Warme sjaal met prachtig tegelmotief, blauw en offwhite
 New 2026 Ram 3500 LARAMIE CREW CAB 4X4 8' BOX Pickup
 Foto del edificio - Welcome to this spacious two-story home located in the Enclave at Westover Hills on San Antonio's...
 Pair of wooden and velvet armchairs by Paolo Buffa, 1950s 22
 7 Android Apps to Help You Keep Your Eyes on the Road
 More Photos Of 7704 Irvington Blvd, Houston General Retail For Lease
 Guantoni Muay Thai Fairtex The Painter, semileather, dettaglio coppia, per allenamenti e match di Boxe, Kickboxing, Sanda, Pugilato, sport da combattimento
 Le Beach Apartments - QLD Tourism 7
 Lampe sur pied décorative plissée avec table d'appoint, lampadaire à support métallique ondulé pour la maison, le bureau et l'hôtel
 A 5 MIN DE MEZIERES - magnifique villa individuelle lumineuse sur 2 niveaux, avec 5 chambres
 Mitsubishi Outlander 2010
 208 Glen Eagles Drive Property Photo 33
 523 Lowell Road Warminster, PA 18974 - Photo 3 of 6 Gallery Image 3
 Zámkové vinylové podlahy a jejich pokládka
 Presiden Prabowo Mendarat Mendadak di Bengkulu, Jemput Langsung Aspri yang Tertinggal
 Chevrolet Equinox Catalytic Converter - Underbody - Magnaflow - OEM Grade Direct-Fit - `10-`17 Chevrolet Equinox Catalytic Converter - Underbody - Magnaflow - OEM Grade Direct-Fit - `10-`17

# [WHAT NEEDS TO BE DONE]
Word for word, quote the lines of the material from the first line through the line with "Foto del edificio", both ends included.

# [RESULT FOR THIS TASK]
Warme sjaal met prachtig tegelmotief, blauw en offwhite
 New 2026 Ram 3500 LARAMIE CREW CAB 4X4 8' BOX Pickup
 Foto del edificio - Welcome to this spacious two-story home located in the Enclave at Westover Hills on San Antonio's...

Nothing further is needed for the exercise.